ASSIGNED TASK:
For every line below, output the text exactly and leave out images.

PROVIDED DATA:
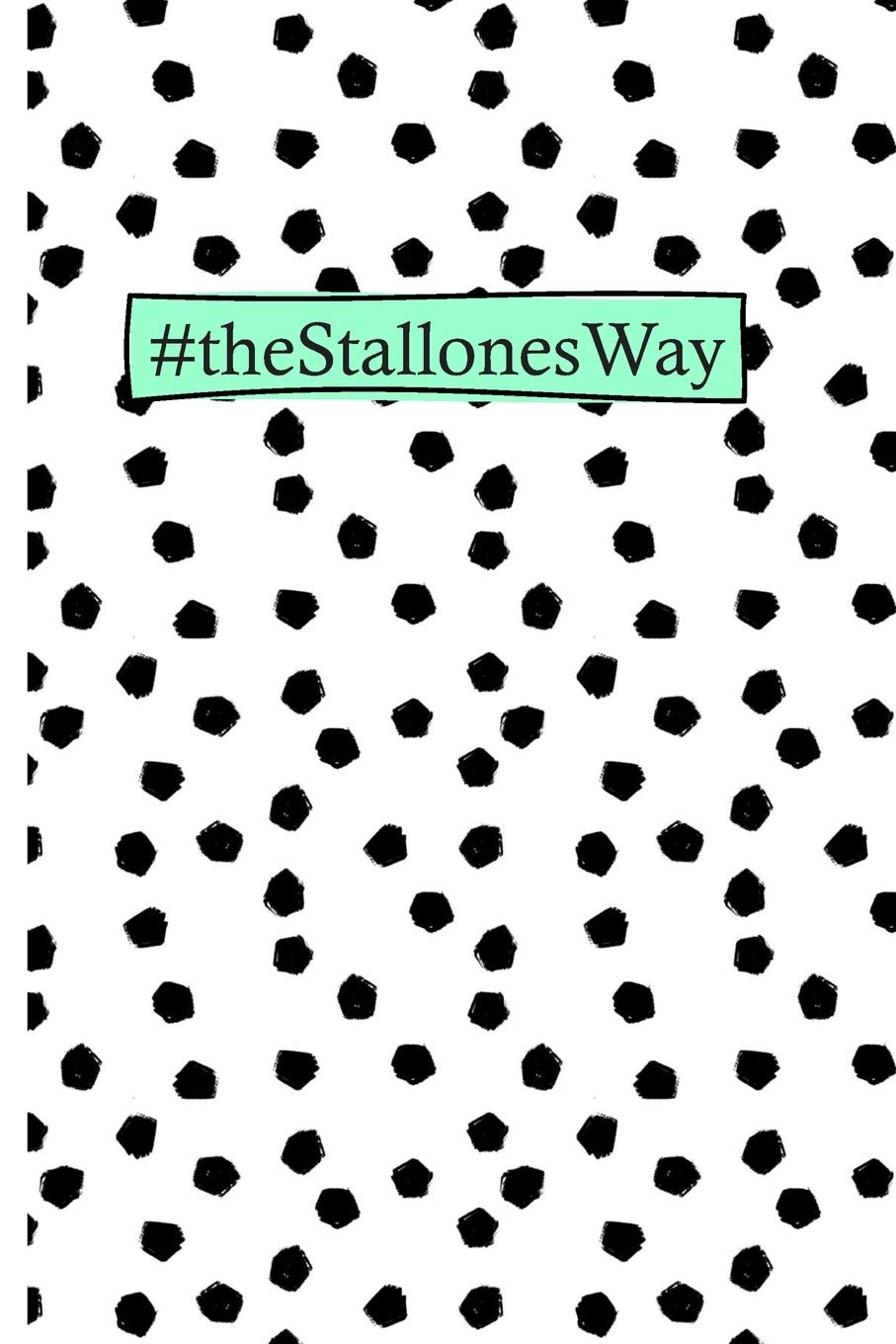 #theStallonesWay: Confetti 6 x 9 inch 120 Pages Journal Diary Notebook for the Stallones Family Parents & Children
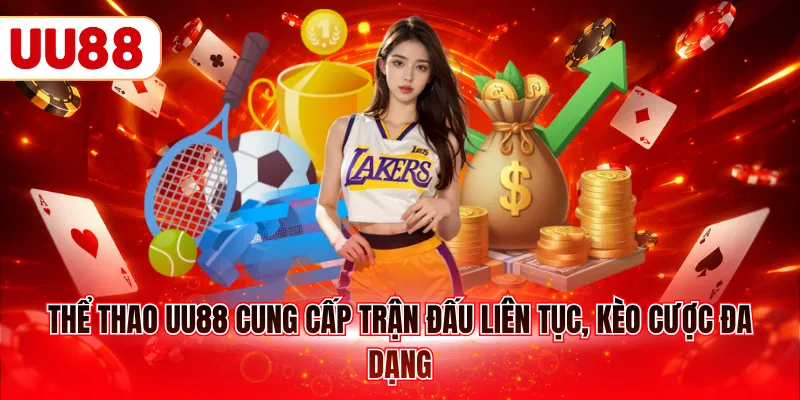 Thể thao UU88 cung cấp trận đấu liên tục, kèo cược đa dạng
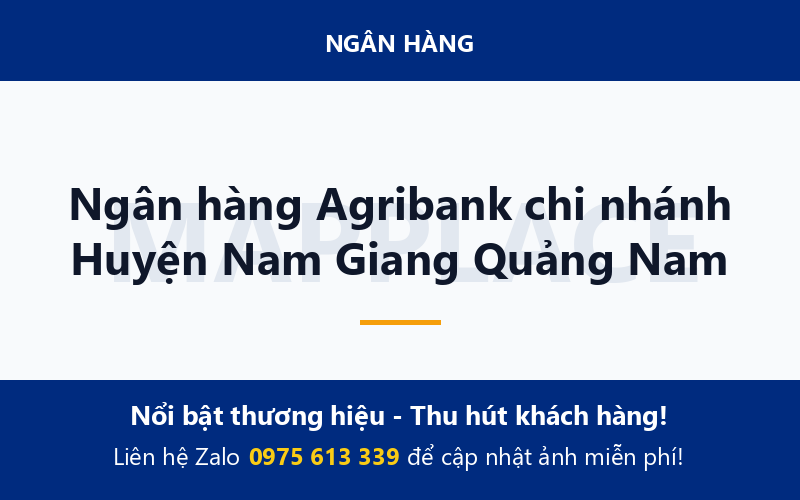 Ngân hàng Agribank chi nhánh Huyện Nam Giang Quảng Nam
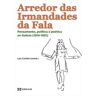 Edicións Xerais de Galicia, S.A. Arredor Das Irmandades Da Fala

TASK ANSWER:
 #theStallonesWay: Confetti 6 x 9 inch 120 Pages Journal Diary Notebook for the Stallones Family Parents & Children
 Thể thao UU88 cung cấp trận đấu liên tục, kèo cược đa dạng
 Ngân hàng Agribank chi nhánh Huyện Nam Giang Quảng Nam
 Edicións Xerais de Galicia, S.A. Arredor Das Irmandades Da Fala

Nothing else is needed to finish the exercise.